This project demonstrates how to build a serverless API using AWS Lambda and API Gateway that interfaces with Couchbase's Data API to manage airport data from the travel-sample dataset.

Note: The FTS features require:

  1. A Full Text Search index with geo-spatial mapping on hotel documents
  2. The travel-sample dataset with hotel documents in the inventory.hotel collection
  3. Hotels must have geo coordinates (geo.lat and geo.lon fields) for proximity search

API Endpoints

Once deployed, the API Gateway will provide the following endpoints:

Airport Management

  • POST /airports - Create a new airport
  • GET /airports/{airportId} - Get airport by ID
  • PUT /airports/{airportId} - Update an existing airport
  • DELETE /airports/{airportId} - Delete an airport (returns 204 No Content)

Airport Queries

  • GET /airports/{airportCode}/routes - Get all routes for an airport
  • GET /airports/{airportCode}/airlines - Get all airlines servicing an airport
  • GET /airports/{airportId}/hotels/nearby/{distance} - Find hotels near an airport

Prerequisites

Setup

  1. Clone the repository

    git clone https://github.com/couchbase-examples/couchbase-data-api-serverless-cookbook.git
  2. Navigate to the aws-lambdas directory

    cd couchbase-data-api-serverless-cookbook/aws-lambdas
  3. Install dependencies

    npm install
  4. Install Serverless Framework as a dev dependency

    npm install -d
  5. Configure environment variables Create a .env file in the aws-lambdas directory:

    touch .env

    Add your Couchbase Data API credentials and AWS configuration:

    # Couchbase Data API Configuration
    DATA_API_ENDPOINT=https://your-cluster.cloud.couchbase.com
    DATA_API_USERNAME=your-database-username
    DATA_API_PASSWORD=your-database-password
    
    # AWS Configuration (optional - defaults to ap-south-1)
    AWS_REGION=ap-south-1
    

FTS Index Setup

Before using the hotel search functionality, you need to create a Full Text Search index.
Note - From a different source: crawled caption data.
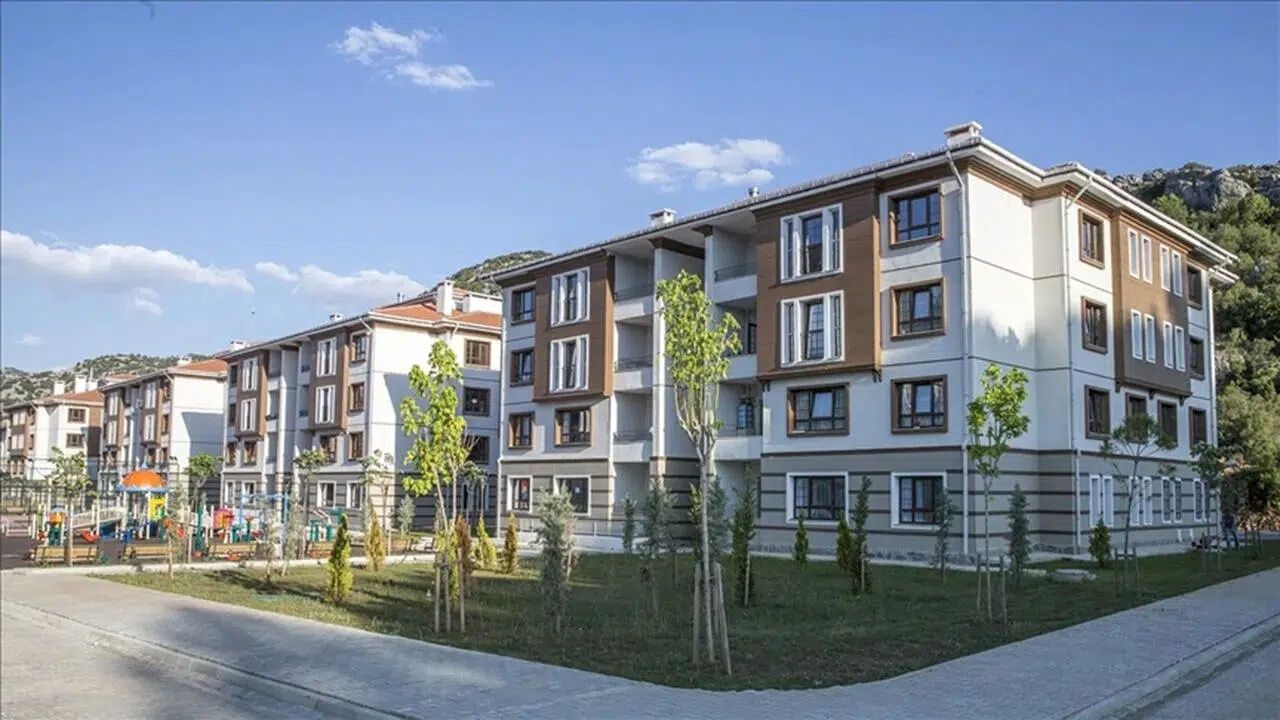 TOKİ Ankara kura çekimi saat kaçta, nereden izlenir? Asil ve yedek listesi nasıl öğrenilir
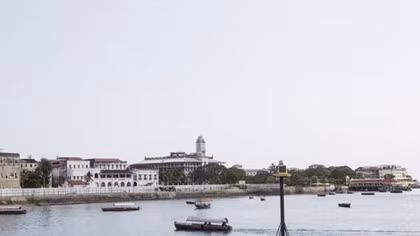 Kỳ 1: Đắm say và sợ hãi… ở “Hawaii của Phi châu”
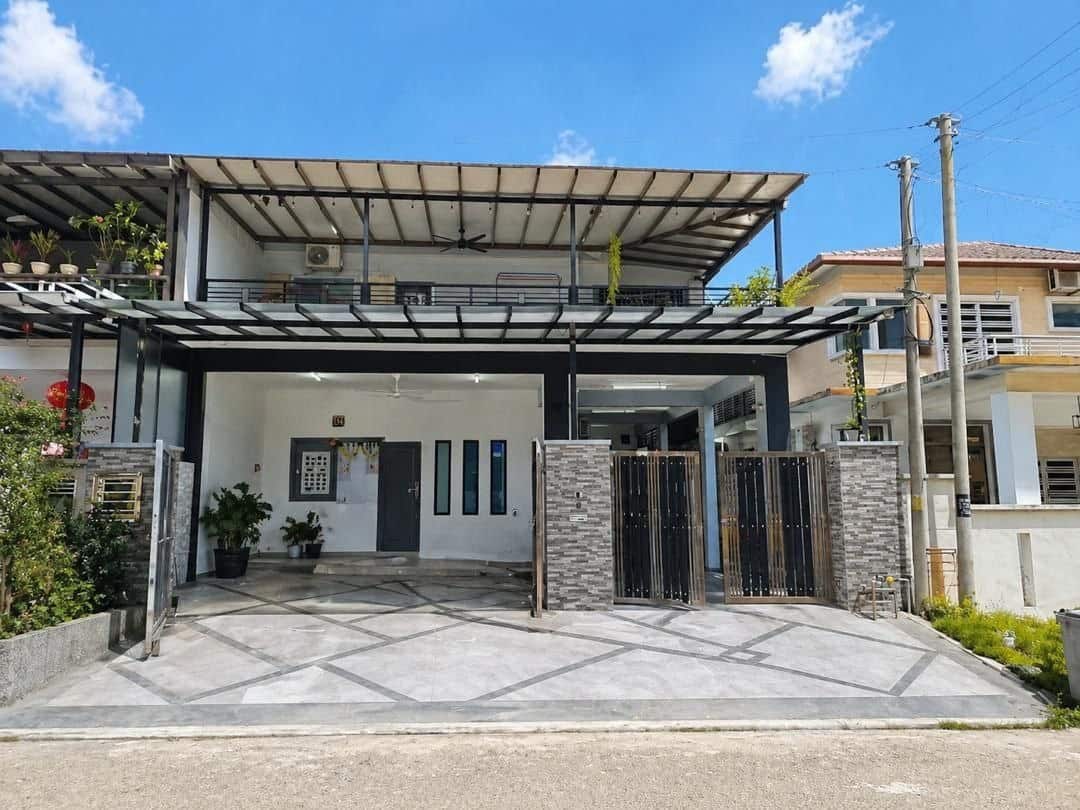 Semi-D Double Storey Cluster House Taman Scientex 1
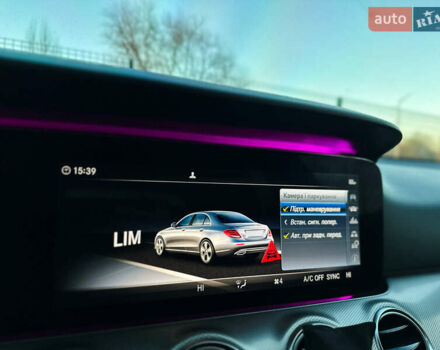 Чорний Мерседес Е-Клас, об'ємом двигуна 1.95 л та пробігом 357 тис. км за 23500 $, фото 68 на Automoto.ua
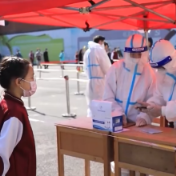 坚守岗位 奋斗有我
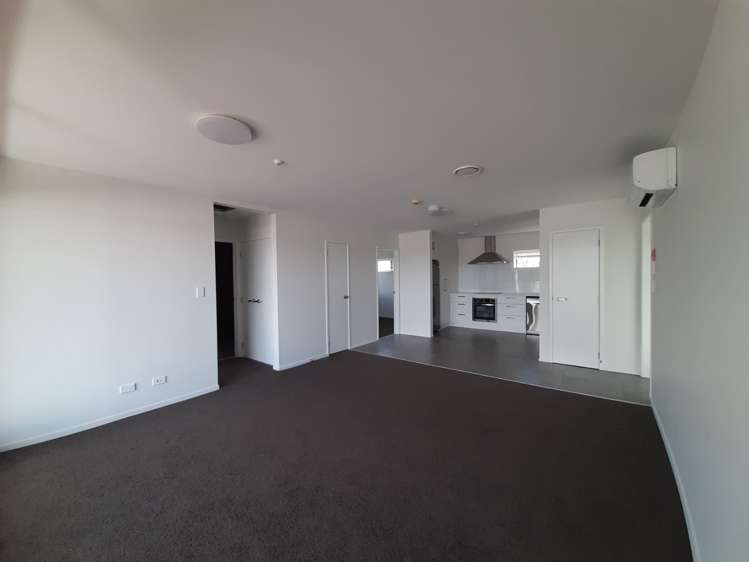 2F/4045 Great North Road_0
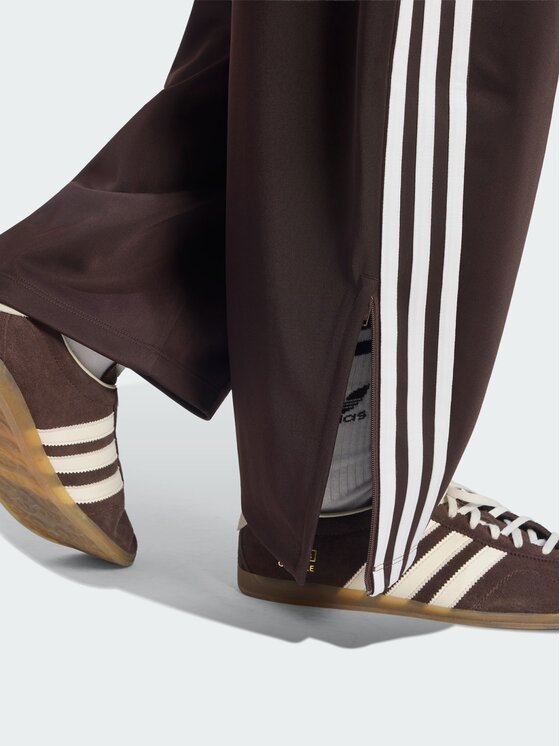 adidas adidas Spodnie dresowe 168738 Brązowy Regular Fit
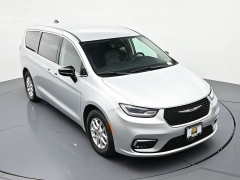 Used 2024  Chrysler Pacifica Touring L FWD at Landmark Auto Credit Center near springfield&comma; IL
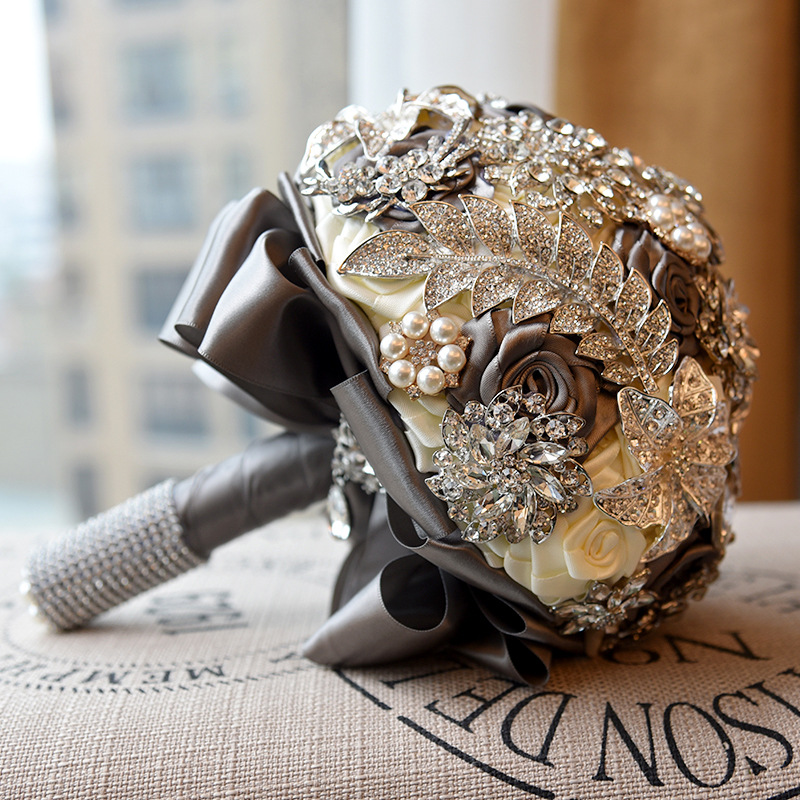 AYiCuthia 1Piece Custom Ivory Bridal Wedding Bouquets Stunning Pearls Beaded Crystal Wedding Bouquets S19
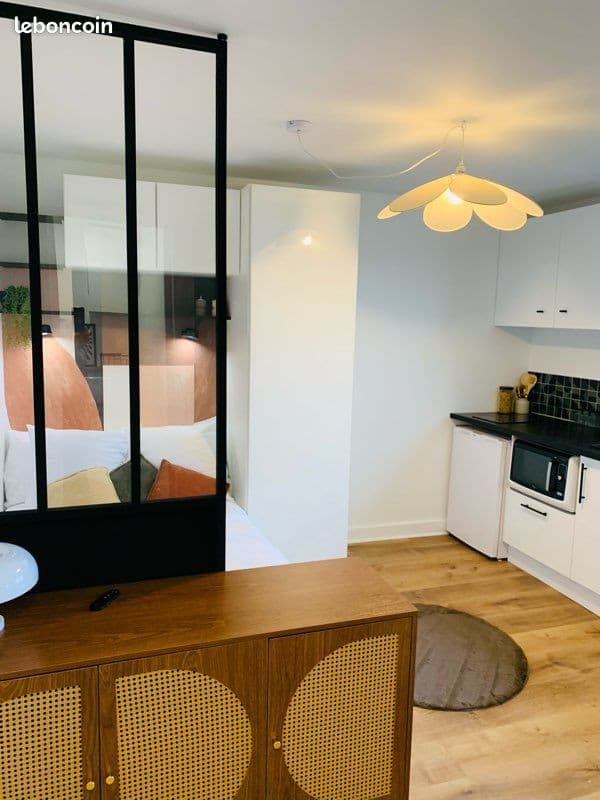 Studio étudiant meublé 15 m² – RER B à 7 min – 530 CC – Palaiseau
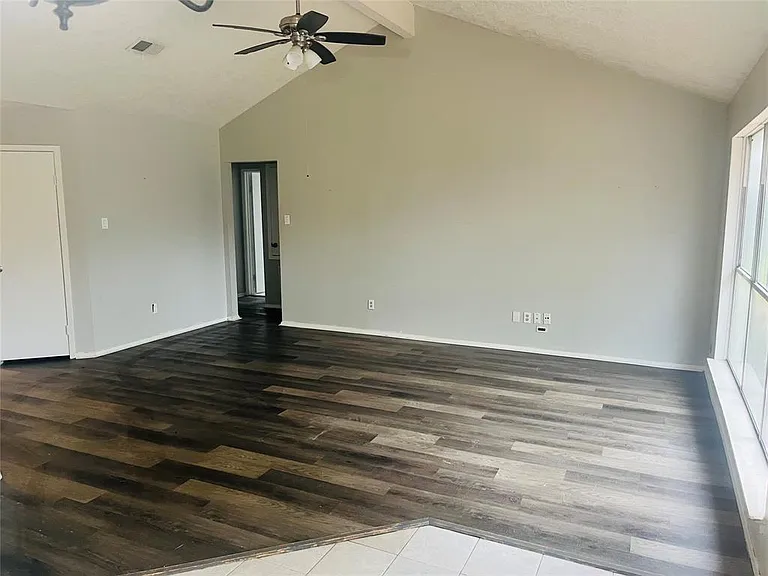 21006 Bridgeview Cir — Photo 11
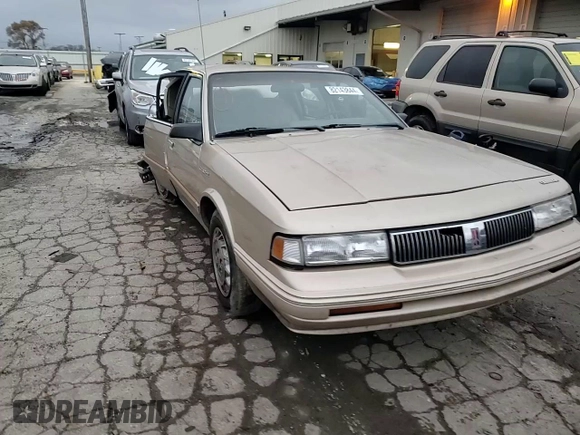 1995 Oldsmobile Cutlass Ciera SL z VIN 1G3AJ55MXS6369507, wystawiony jako Copart lot #82143844 z przebiegiem 95 303 mil mil oraz Szkoda całkowita • Salvage title. Historia ofert i sprzedaży dostępna na DreamBid. Obrazek 10.
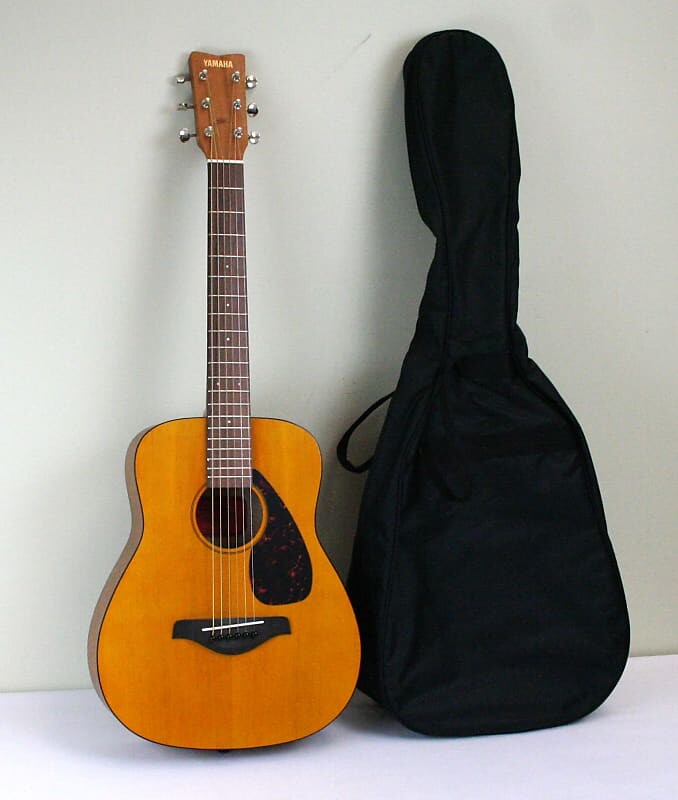 

Фольклорная мини-гитара Yamaha JR1 в масштабе 3/4 с сумкой для переноски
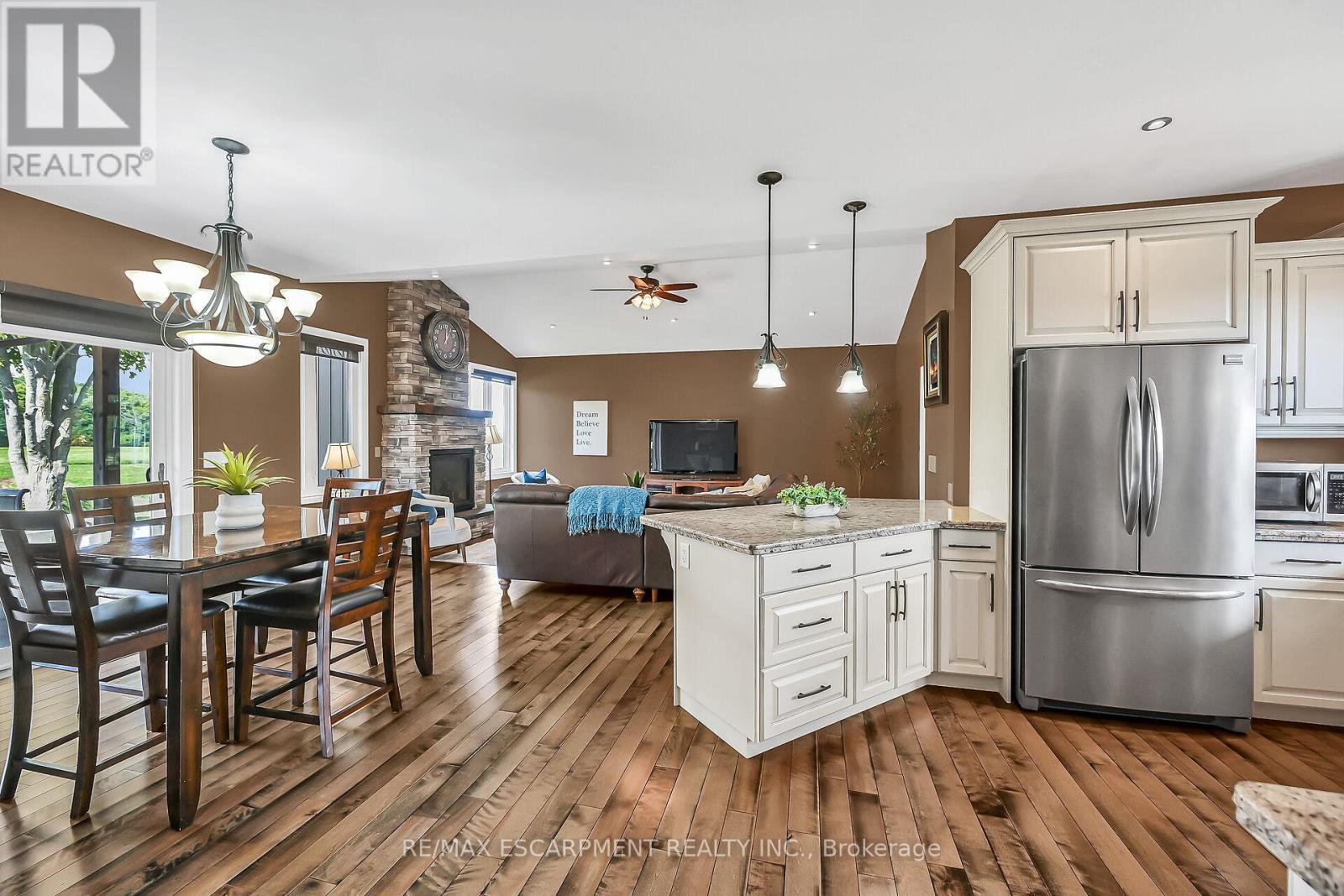 175 Yaremy Road, Haldimand, ON - Indoor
Use the Node.js script provided in the root of the repository.

See ../scripts/README.md for detailed instructions on creating the required hotel-geo-index for geo-spatial hotel searches.

Deployment

This project uses the Serverless Framework for deployment, which provides a simple and efficient way to deploy all Lambda functions and API Gateway configuration together.

Authentication

Before deploying, ensure your AWS CLI is properly authenticated.

Note: This guide uses IAM user long-term credentials with aws configure as it's the easiest method to get started. However, AWS does not recommend this approach for production environments due to security considerations. For production deployments, consider using IAM Identity Center short-term credentials or other more secure authentication methods.

Setup with AWS Configure

aws configure

This will prompt you for:

  • AWS Access Key ID
  • AWS Secret Access Key
  • Default region name
  • Default output format (json recommended)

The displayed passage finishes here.